Obama calls string of recent victories ‘gratifying’

President Barack Obama pauses during a joint news conference with Brazilian President Dilma Rousseff in the East Room of the White House in Washington, Tuesday, June 30, 2015. The president and visiting Brazilian President Dilma Rousseff sought Tuesday to cast their nations as "natural partners" collaborating closely on critical issues like climate and regional diplomacy, glossing over recent tensions over spying that have strained relations between the U.S. and Brazil. (AP Photo/Jacquelyn Martin)
President Barack Obama pauses during a joint news conference with Brazilian President Dilma Rousseff in the East Room of the White House in Washington, Tuesday, June 30, 2015.  (AP Photo/Jacquelyn Martin)

WASHINGTON (AP) _ President Barack Obama cast a string of legal and legislative victories last week on trade, health care and gay marriage as the “gratifying” culmination of years of work by his White House.
Obama made particular note of the crowds that gathered outside the White House Friday night to witness the executive mansion bathed in rainbow lights, the symbol of the gay rights movement.
“That made it a really good week,” Obama said during a news conference with Brazilian President Dilma Rousseff. “To see people gathered in the evening outside on a beautiful summer night and to feel whole and to feel accepted and to feel that they had a right to love, that was pretty cool.”
His only regret?
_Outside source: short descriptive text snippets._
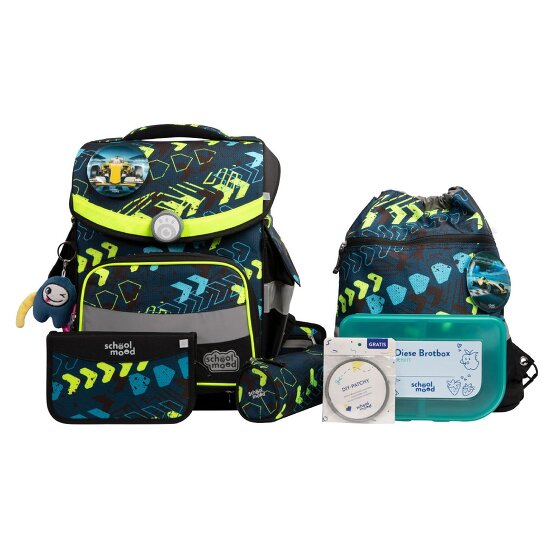 School-Mood Timeless Pro Set di borse per la scuola 7 pezzi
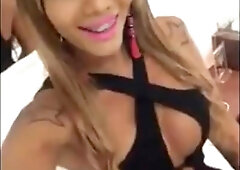 Transgender traps lifestyle solos and cumming semen with guys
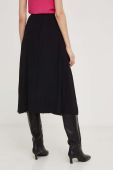 Спідниця Answear Lab колір чорний midi розкльошена (3417302)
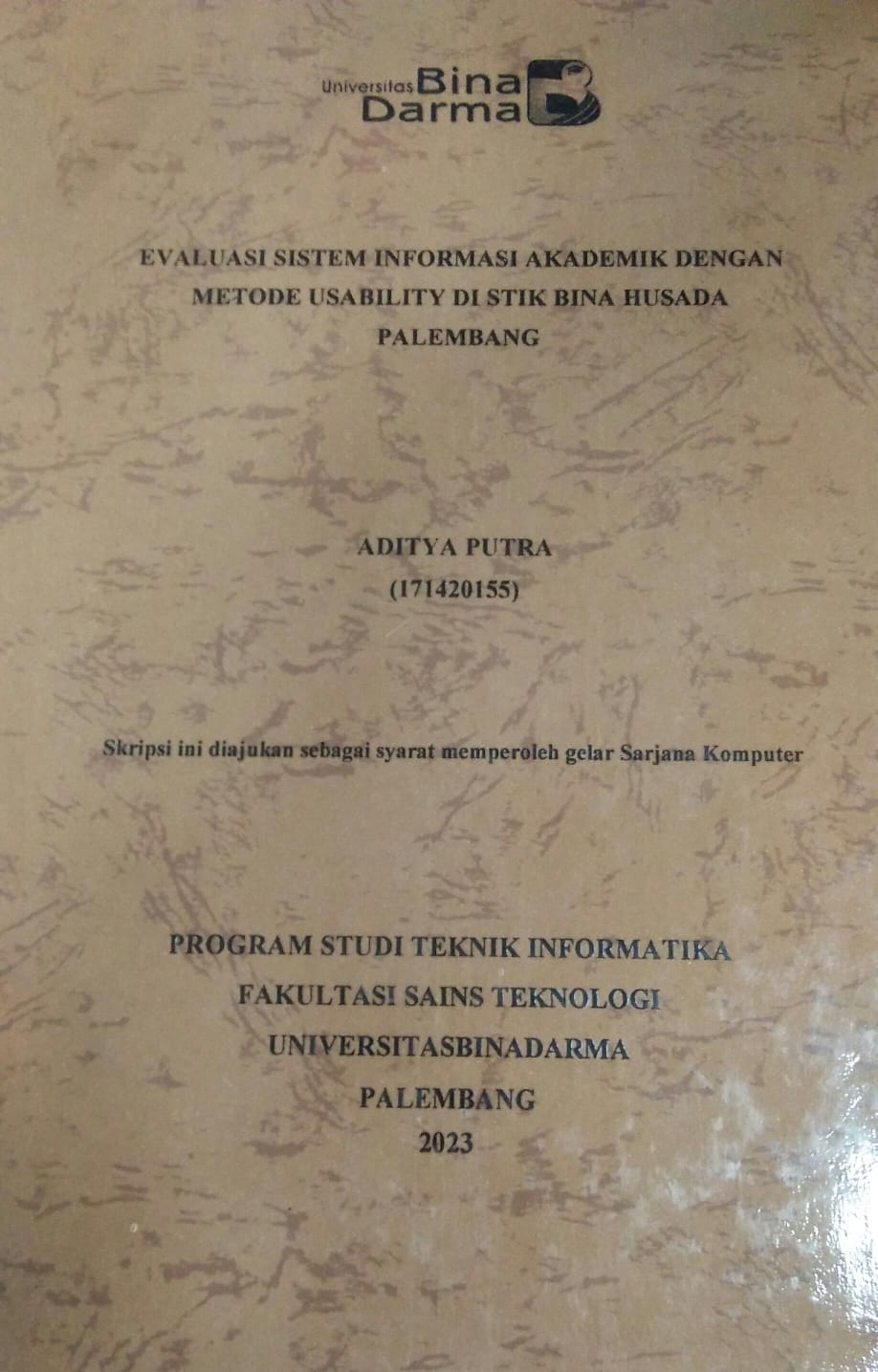 Cover PENGARUH LINGKUNGAN KERJA DAN BEBAN KERJA TERHADAP KINERJA KARYAWAN PADA PT. TANIA SELATAN / AJI SAIDINA ALI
Security procedures kept him from going outside to catch a glimpse of the light display and the crowds himself.
The Supreme Court’s gay marriage ruling capped a week that also saw the justices preserve a key provision of Obama’s heath care law and Republican lawmakers champion passage of his bid to get fast-track authority for an Asia-Pacific trade deal. The president also spoke emotionally about race and gun violence at a funeral service in Charleston, South Carolina, for one of the nine people slain at a black church.
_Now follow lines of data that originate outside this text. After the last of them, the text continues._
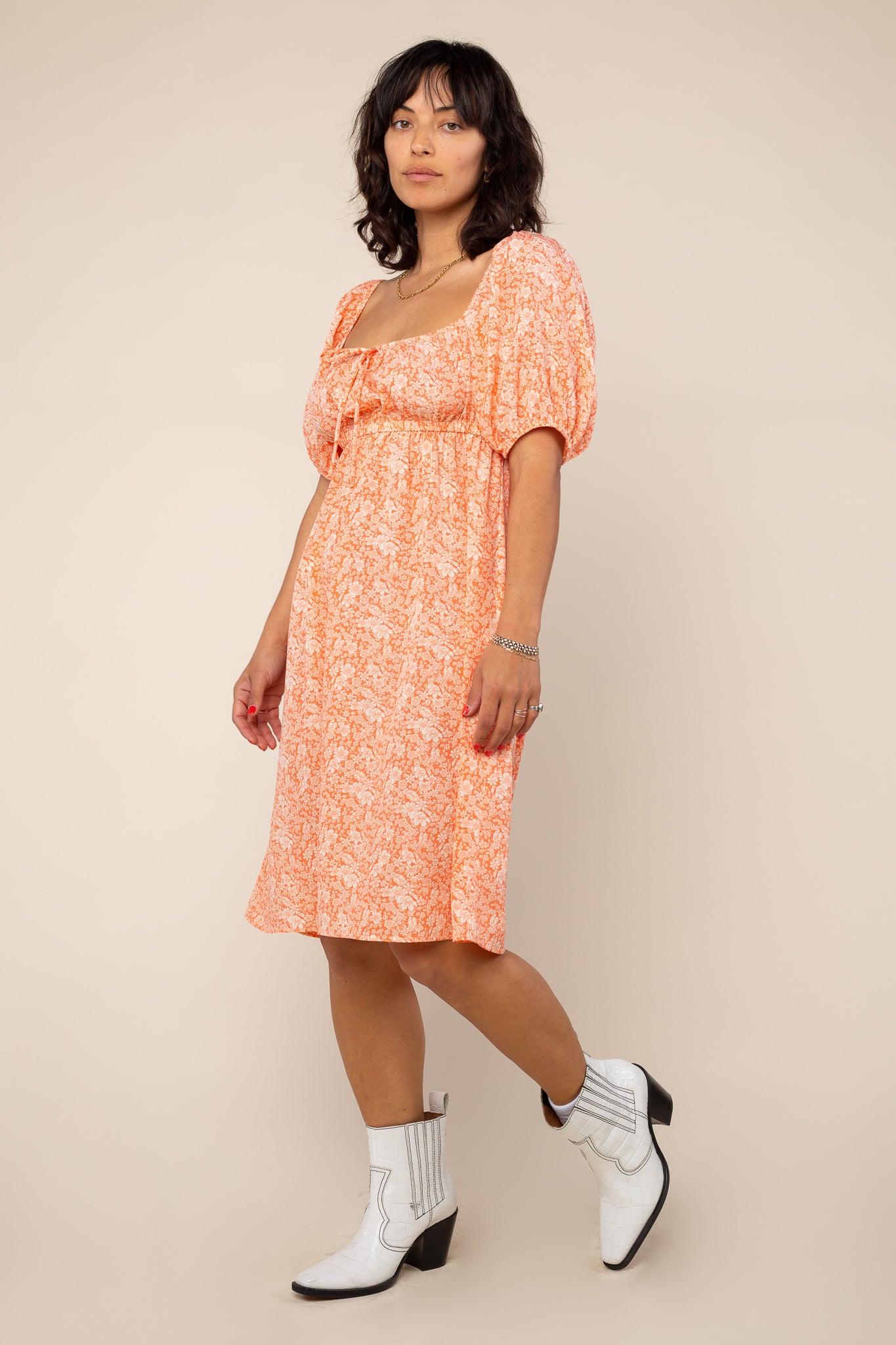 Square Neck Dress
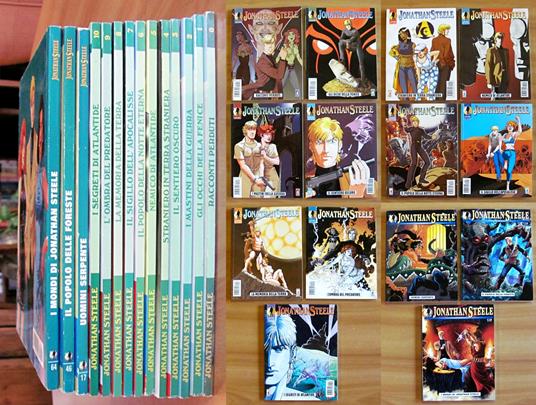 Lotto di 14 Albi - JONATHAN STEELE N. 0/10 + N.17, 46 e 64 - copertina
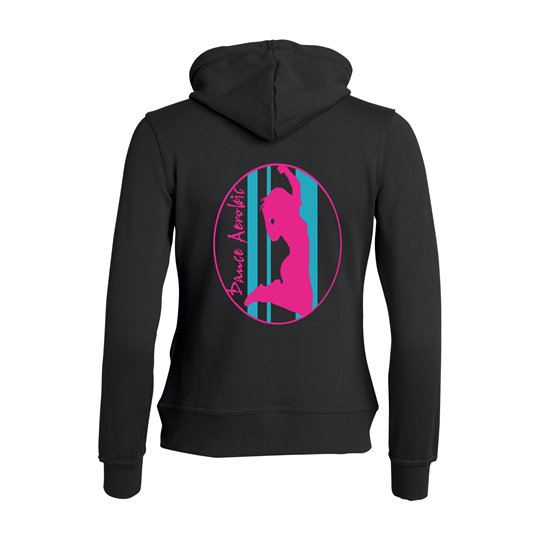 Dance Aerobic Kapuzenjacke schwarz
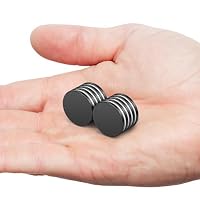 Wukong Schwarz Neodym Magnete Selbstklebend Extra Stark 20x2mm | 10 Stück, Mini Runde Magnete Heavy Duty für Magnettafel Whiteboard Kühlschrank – Ansicht 7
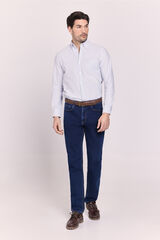 Milano Pantal&oacute;n de mezclilla corte recto Navy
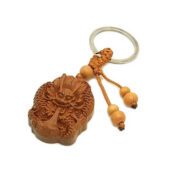 Dragon Spouting Sheng Chi Wooden Key Chain1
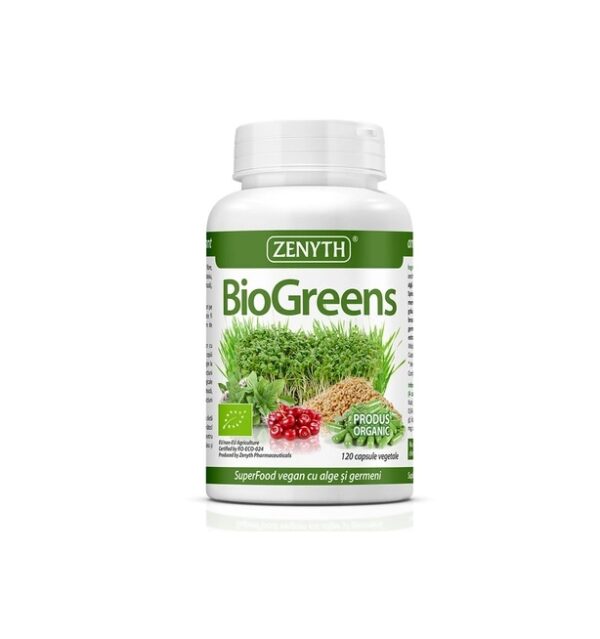 biogreens-superfood-organic-cu-germeni-alge-si-lastari-120-capsule-zenyth-O36897-farmacia-morpheus BioGreens SuperFood Organic cu Germeni, Alge si Lastari, 120 Capsule, Zenyth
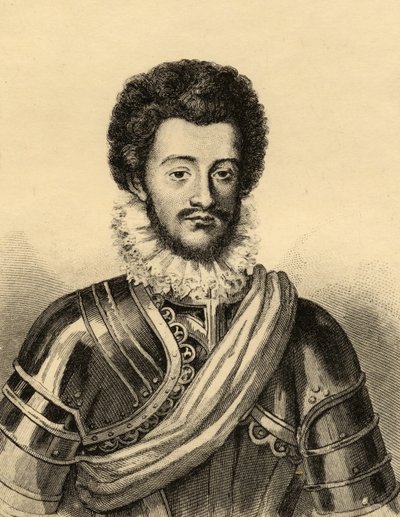 Charles de Guise (1554-1611) hertig av Mayenne (gravyr) av French School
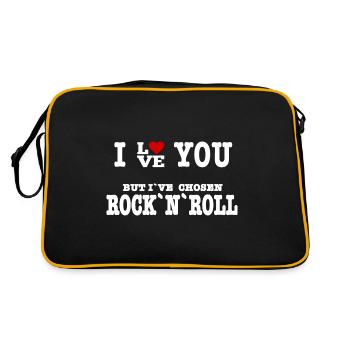 J’aime mais j’ai choisi le rock et le rol - Sac Retro - noir/or - Dos
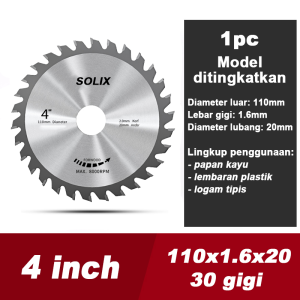 NESO 4" Mata Potong Gergaji Marmer Pisau Kayu Granit Keramik Diamond cutting blade mata Saw Blade 100mm Mata Circular Saw Blade 30 Teeth NT-32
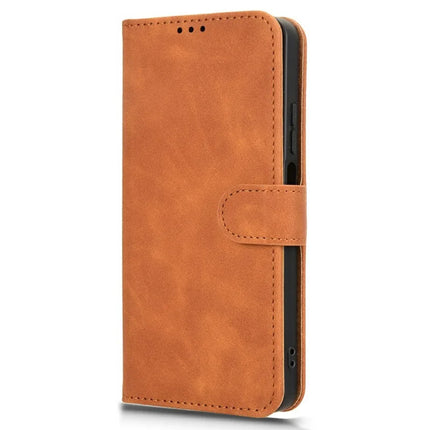 For Realme C75 Leather Case Skin Feel Anti Drop Wallet Flip Phone Cover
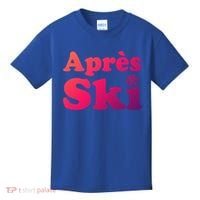 Apres Ski Retro Style Snowflake Gift Kids T-Shirt thumb 0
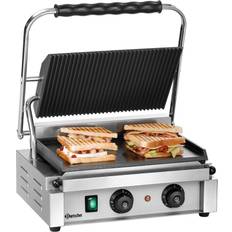 Grills Bartscher Kontaktgrill "Panini-T" 1GR, Kontaktgrill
Seeking to build on one of the best weeks of his presidency in some time, Obama ticked through a wish-list of agenda items he now hopes to pursue. Among them: infrastructure spending, job training programs, and criminal justice reform.
On the latter, Obama said he was intrigued by leadership from “some very unlikely Republican legislators,” a reference to congressional Republicans who have pushed for criminal justice reform, including Kentucky Sen. Rand Paul, a 2016 presidential candidate.
Still, the president appeared realistic about his ability to turn a good week into further progress, conceding that some of his policy priorities “will be left undone” when he leaves office.